- _Input data_
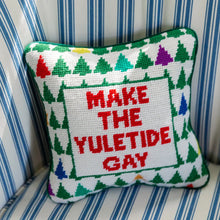 Load image into Gallery viewer, Make the Yuletide Gay Needlepoint Pillow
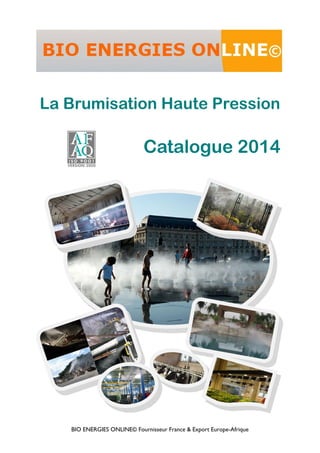 BIO ENERGIES ONLINE© Fournisseur France & Export Europe-Afrique
Catalogue 2014
La Brumisation Haute Pression
 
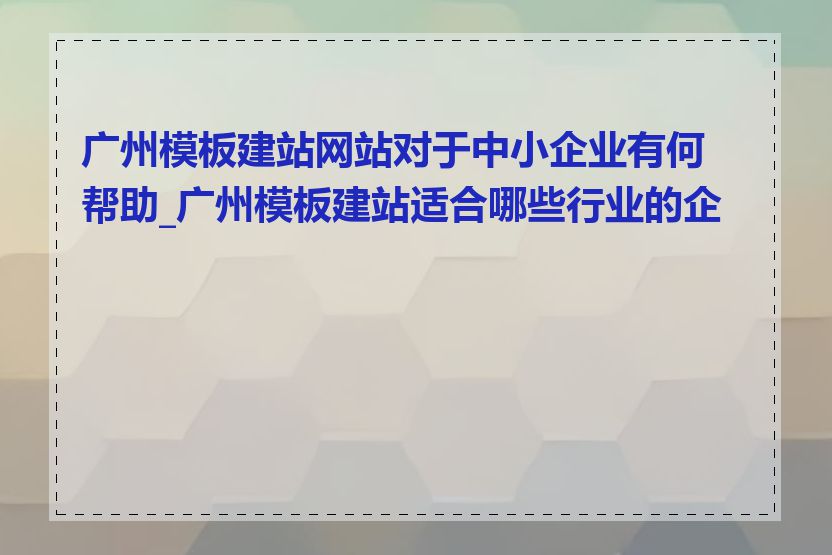 广州模板建站网站对于中小企业有何帮助_广州模板建站适合哪些行业的企业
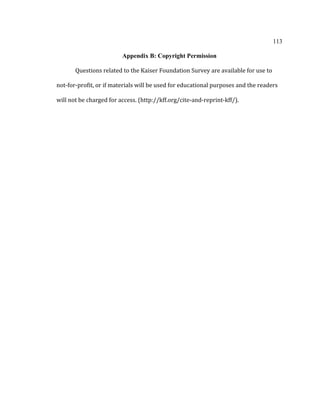 113	
  
	
  
Appendix B: Copyright Permission
	
  
Questions	
  related	
  to	
  the	
  Kaiser	
  Foundation	
  Survey	
  are	
  available	
  for	
  use	
  to	
  
not-­‐for-­‐profit,	
  or	
  if	
  materials	
  will	
  be	
  used	
  for	
  educational	
  purposes	
  and	
  the	
  readers	
  
will	
  not	
  be	
  charged	
  for	
  access.	
  (http://kff.org/cite-­‐and-­‐reprint-­‐kff/).	
  
	
  	
   	
  
 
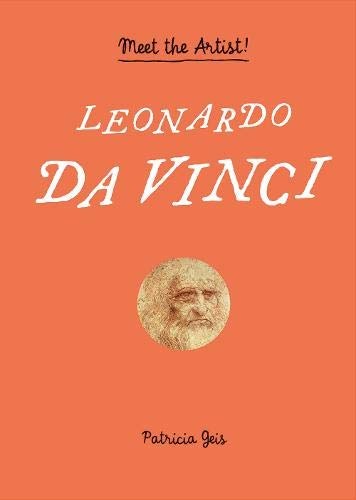 Leonardo da Vinci : meet the artist! /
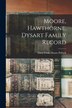 Moore Hawthorne Dysart Family Record by Elma Ceola Moore 1867- Comp Pollock, Paperback | Indigo Chapters
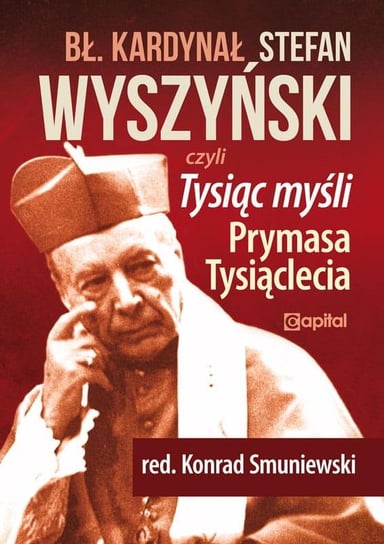 Błogosławiony kardynał Stefan Wyszyński. Tysiąc myśli Prymasa Tysiąclecia Opracowanie zbiorowe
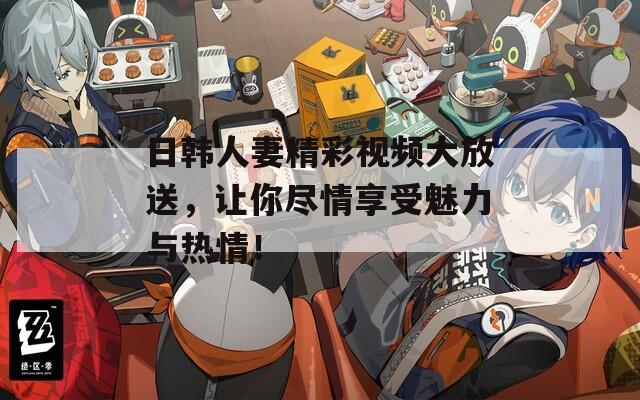 日韓人妻精彩視頻大放送，讓你盡情享受魅力與熱情！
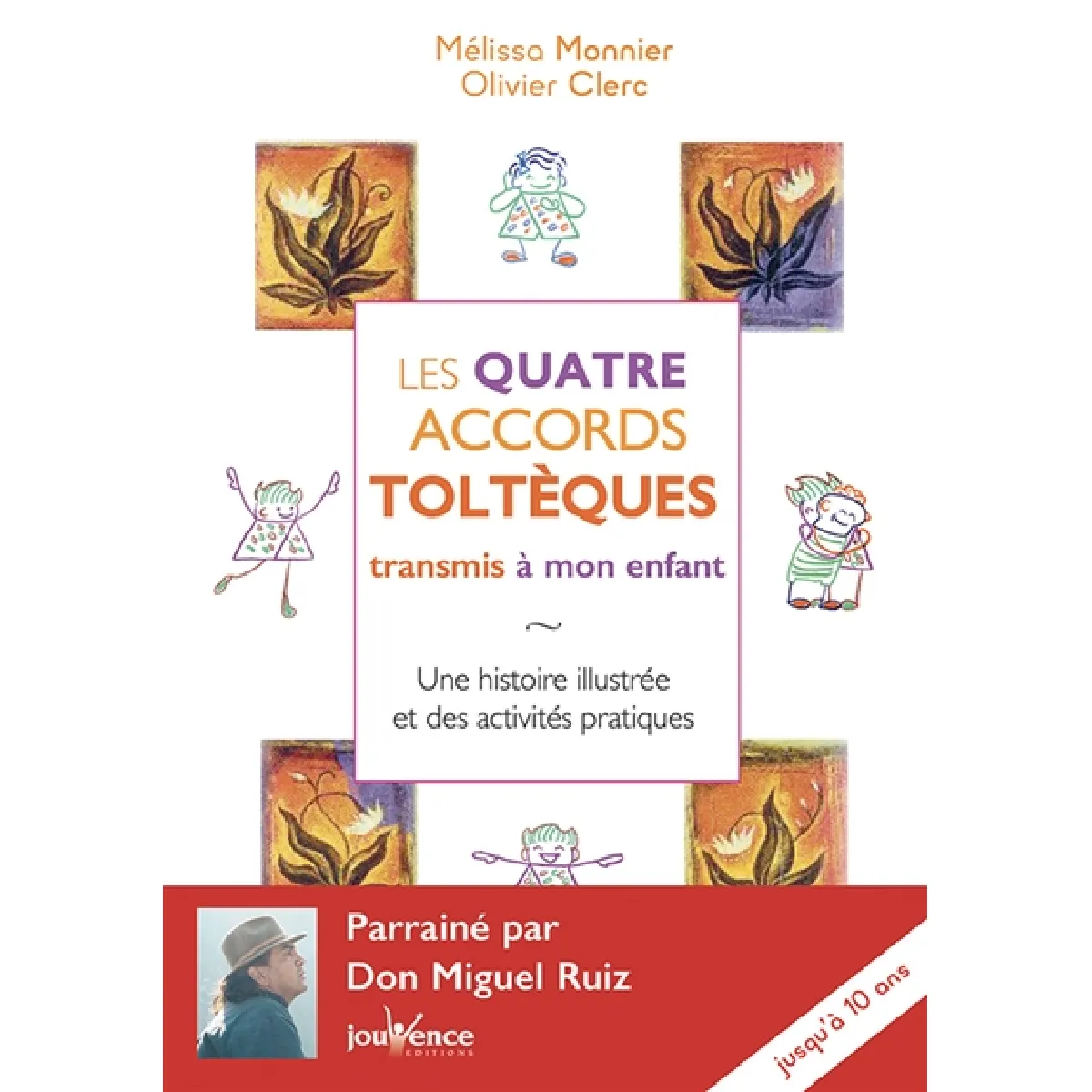Les quatre accords toltèques transmis à mon enfant : une histoire illustrée et des activités pratiques · Occasion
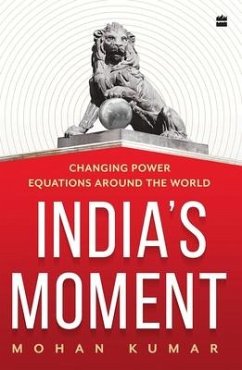 India's Moment - Kumar, Mohan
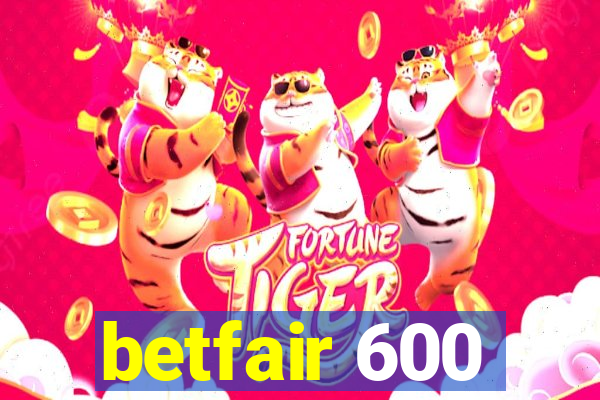 betfair 600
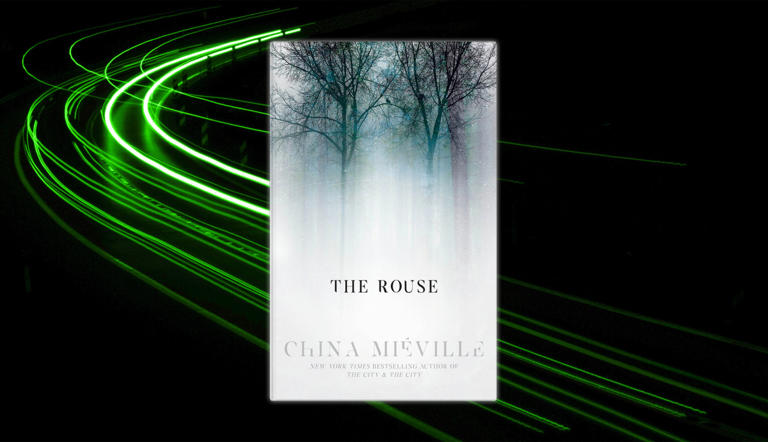 Science fiction & fantasy: China Miéville’s ‘The Rouse’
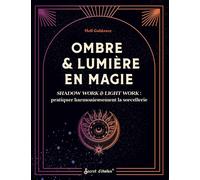 Ombre et lumière en magie Shadow work & light work : pratiquer harmonieusement la sorcellerie - Meli Guidance - Secret D'etoiles - broché - Essai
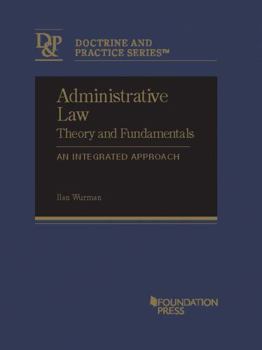 Hardcover Administrative Law Theory and Fundamentals: An Integrated Approach (Doctrine and Practice Series) Book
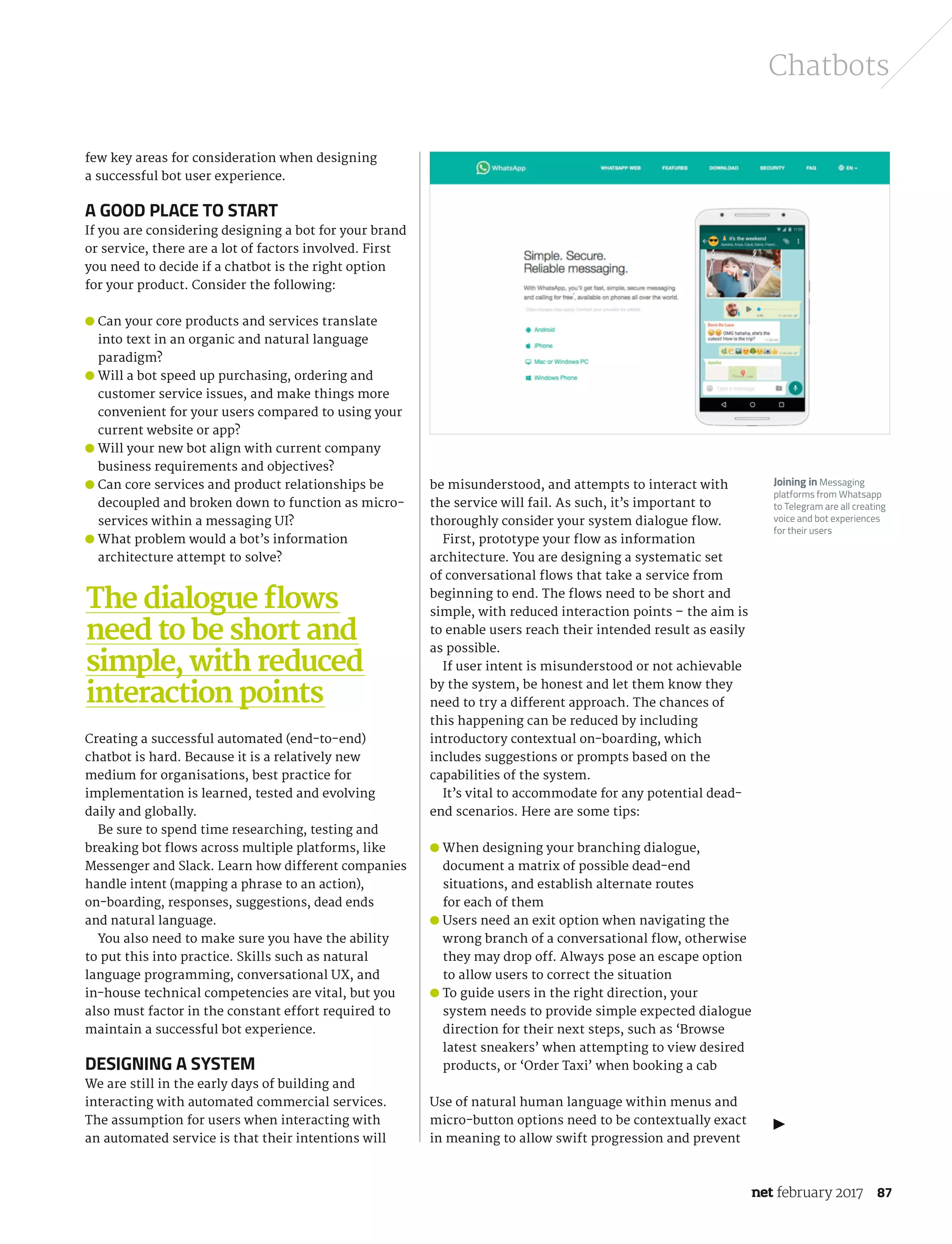 february 2017 87
Chatbots
few key areas for consideration when designing
a successful bot user experience.
A good place to start
If you are considering designing a bot for your brand
or service, there are a lot of factors involved. First
you need to decide if a chatbot is the right option
for your product. Consider the following:
● Can your core products and services translate
into text in an organic and natural language
paradigm?
● Will a bot speed up purchasing, ordering and
customer service issues, and make things more
convenient for your users compared to using your
current website or app?
● Will your new bot align with current company
business requirements and objectives?
● Can core services and product relationships be
decoupled and broken down to function as micro-
services within a messaging UI?
● What problem would a bot’s information
architecture attempt to solve?
Creating a successful automated (end-to-end)
chatbot is hard. Because it is a relatively new
medium for organisations, best practice for
implementation is learned, tested and evolving
daily and globally.
Be sure to spend time researching, testing and
breaking bot flows across multiple platforms, like
Messenger and Slack. Learn how different companies
handle intent (mapping a phrase to an action),
on-boarding, responses, suggestions, dead ends
and natural language.
You also need to make sure you have the ability
to put this into practice. Skills such as natural
language programming, conversational UX, and
in-house technical competencies are vital, but you
also must factor in the constant effort required to
maintain a successful bot experience.
Designing a system
We are still in the early days of building and
interacting with automated commercial services.
The assumption for users when interacting with
an automated service is that their intentions will
The dialogue flows
need to be short and
simple, with reduced
interaction points
be misunderstood, and attempts to interact with
the service will fail. As such, it’s important to
thoroughly consider your system dialogue flow.
First, prototype your flow as information
architecture. You are designing a systematic set
of conversational flows that take a service from
beginning to end. The flows need to be short and
simple, with reduced interaction points – the aim is
to enable users reach their intended result as easily
as possible.
If user intent is misunderstood or not achievable
by the system, be honest and let them know they
need to try a different approach. The chances of
this happening can be reduced by including
introductory contextual on-boarding, which
includes suggestions or prompts based on the
capabilities of the system.
It’s vital to accommodate for any potential dead-
end scenarios. Here are some tips:
● When designing your branching dialogue,
document a matrix of possible dead-end
situations, and establish alternate routes
for each of them
● Users need an exit option when navigating the
wrong branch of a conversational flow, otherwise
they may drop off. Always pose an escape option
to allow users to correct the situation
● To guide users in the right direction, your
system needs to provide simple expected dialogue
direction for their next steps, such as ‘Browse
latest sneakers’ when attempting to view desired
products, or ‘Order Taxi’ when booking a cab
Use of natural human language within menus and
micro-button options need to be contextually exact
in meaning to allow swift progression and prevent
Joining in Messaging
platforms from Whatsapp
to Telegram are all creating
voice and bot experiences
for their users
NET289.tut_chatbot.indd 87 12/12/16 11:54 AM
 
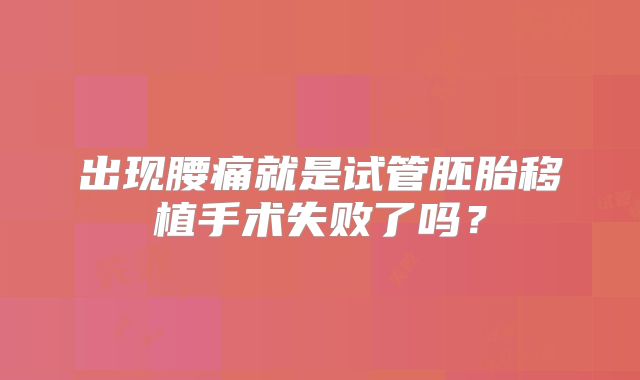 出现腰痛就是试管胚胎移植手术失败了吗?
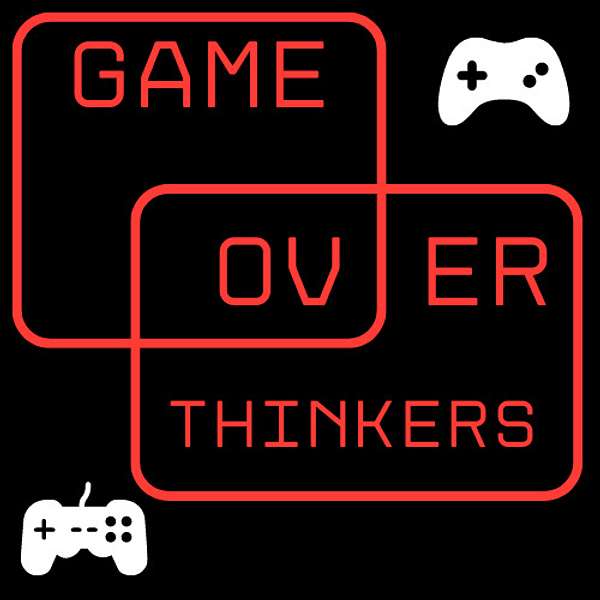 Game Over Thinkers Podcast Artwork Image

- _Work request_
Nothing but the lines from the beginning of the material above through the line containing "Science fiction &" should appear in the answer, copied exactly and free of pictures.

- _Answer for this exercise_
 Load image into Gallery viewer, Make the Yuletide Gay Needlepoint Pillow
 BIO ENERGIES ONLINE© Fournisseur France & Export Europe-Afrique
Catalogue 2014
La Brumisation Haute Pression
 
 广州模板建站网站对于中小企业有何帮助_广州模板建站适合哪些行业的企业
 113	
  
	
  
Appendix B: Copyright Permission
	
  
Questions	
  related	
  to	
  the	
  Kaiser	
  Foundation	
  Survey	
  are	
  available	
  for	
  use	
  to	
  
not-­‐for-­‐profit,	
  or	
  if	
  materials	
  will	
  be	
  used	
  for	
  educational	
  purposes	
  and	
  the	
  readers	
  
will	
  not	
  be	
  charged	
  for	
  access.	
  (http://kff.org/cite-­‐and-­‐reprint-­‐kff/).	
  
	
  	
   	
  
 
 Leonardo da Vinci : meet the artist! /
 Moore Hawthorne Dysart Family Record by Elma Ceola Moore 1867- Comp Pollock, Paperback | Indigo Chapters
 Błogosławiony kardynał Stefan Wyszyński. Tysiąc myśli Prymasa Tysiąclecia Opracowanie zbiorowe
 日韓人妻精彩視頻大放送，讓你盡情享受魅力與熱情！
Les quatre accords toltèques transmis à mon enfant : une histoire illustrée et des activités pratiques · Occasion
 India's Moment - Kumar, Mohan
 betfair 600
 Science fiction & fantasy: China Miéville’s ‘The Rouse’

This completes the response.